2020 AD — In Retrospect

The Triboro Bridge was thick with traffic. In the distance the Manhattan skyline was sparkling. The spire on the Empire State building was red and green. Things seemed like they are supposed to, this time of the year.

Then to my right a driver pulled in with a mask on. He made sure I didn’t forget that things were far from the way they used to be.

The adjustment we have had to make to a virus, has forced us to take stock of who we are as a species and how we live with the planet.

Now with a vaccine, there is hope of a reset to the past as soon as possible, which is already celebrated as a distant blissful memory.

Many are looking forward to vacations in exotic places, the exhilaration of being in sports arenas and music concerts, the din of restaurants and for the less fortunate a return to a lost job. Whether we will resume those heady days, in a manner reminiscent of the past, is not very certain. Even though the end of 2020 is being seen as a first step towards that.

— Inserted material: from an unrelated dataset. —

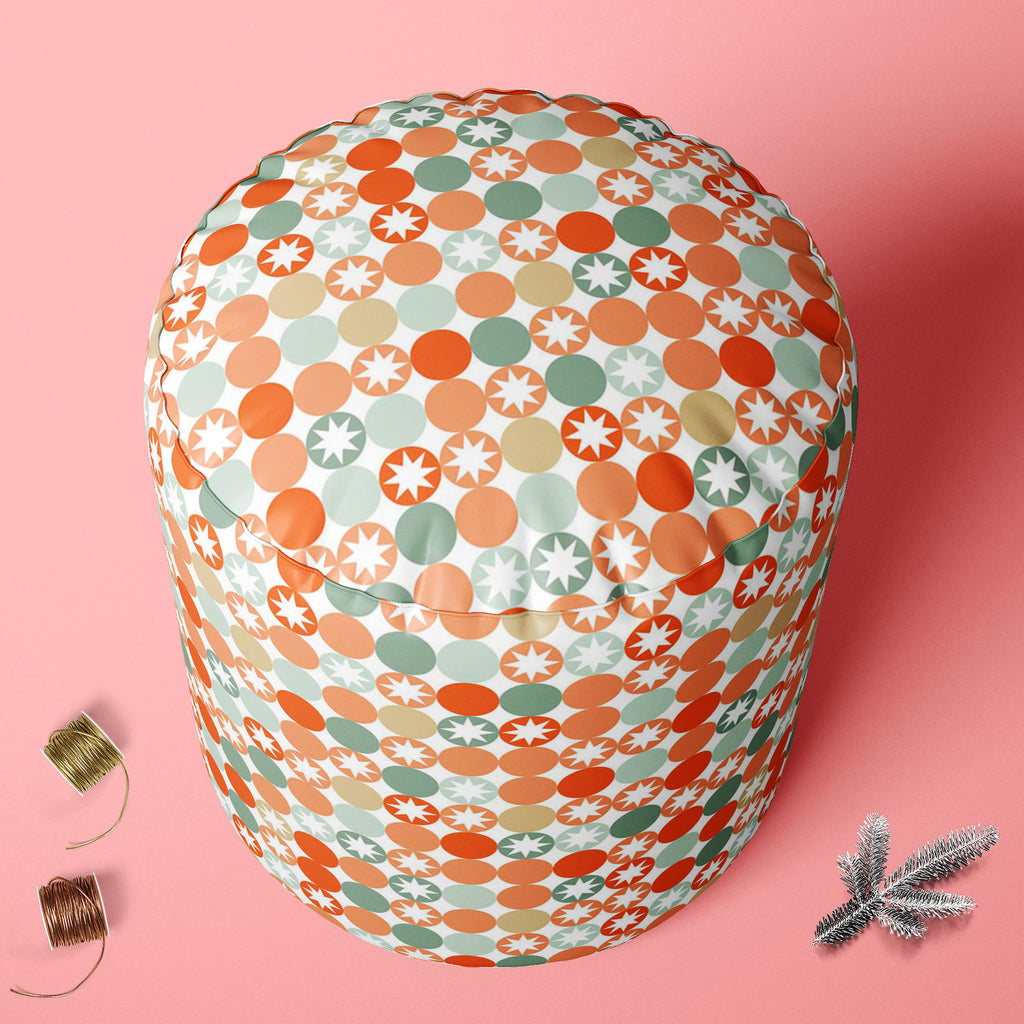 Circles & Stars Footstool Footrest Puffy Pouffe Ottoman Bean Bag | Canvas Fabric-Footstools-FST_CB_BN-IC 5007404 IC 5007404, Abstract Expressionism, Abstracts, Ancient, Art and Paintings, Circle, Decorative, Digital, Digital Art, Drawing, Fashion, Graphic, Historical, Illustrations, Medieval, Modern Art, Patterns, Retro, Semi Abstract, Signs, Signs and Symbols, Symbols, Vintage, circles, stars, footstool, footrest, puffy, pouffe, ottoman, bean, bag, canvas, fabric, abstract, art, backdrop, background, beaut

After 9/11 the world did not reset once Afghanistan was invaded, Iraq destroyed and Osama Bin Laden assassinated. The way we move about the planet intrinsically changed forever, and the human world fell in line with some irritation. Probably a similar fate awaits us once this virus is conquered and we get ready (or not) for the next one to come.

There are many ways one can approach the end of 2020. For many it is already being advertised as an end to a year from hell.

One’s calibration is based on one’s individual experience no doubt. For those who lost a loved one it is the darkest of times. For someone who recovered after a long fight, gratitude to those who helped along the way is in order. To those who have managed to stay clear despite the scare of the virus lurching on surfaces, in air and in the room next door, good fortune is to be thankful for. And to those who continue to be in denial, it is important to keep in mind fortune favors only those who are prepared.

No matter how you see it, the inconvenience faced by many, pales in comparison to those who went through far worse in history, even without the virus.

The generations before us that lived through wars, famine and deadlier plagues when medicine was primitive, saw and experienced dire unfathomable circumstances.

Even today there are millions of refugees who are displaced by war and conflict who have had to contend with more hardship than they would have with a virus running amuck.

So when we say “to hell with 2020” or see it as a cursed year, one has to measure one’s level of inconvenience with those who have lost everything or are on the verge of destitution, and then have some perspective.

As I count myself among the lucky, 2020 has mainly been a massive adjustment. I have had enough food on my table, a roof over my head, a family to give me comfort, a dog to pet, restricted freedom of movement and health to stay confident about the future that is to come. I am aware this could all change in a blink of an eye with or without a virus in our midst.

So I am grateful for 2020 for teaching me the true meaning of contentment and to help focus further on what is essential and valuable in the hardest of times.

As the planet spins and turns in the eternal churning of time, a year is but a speck in its trajectory. For us 2020 may feel like an eternity, but for the blue ball, it is just a blip. To see things in retrospect with perspective, is the way to move forward, as there is no instant “reset switch” for the predicament we find ourselves in.

Anand Kamalakar is a Brooklyn based documentary film director, producer and editor. His latest film SALAM can now be seen on Netflix.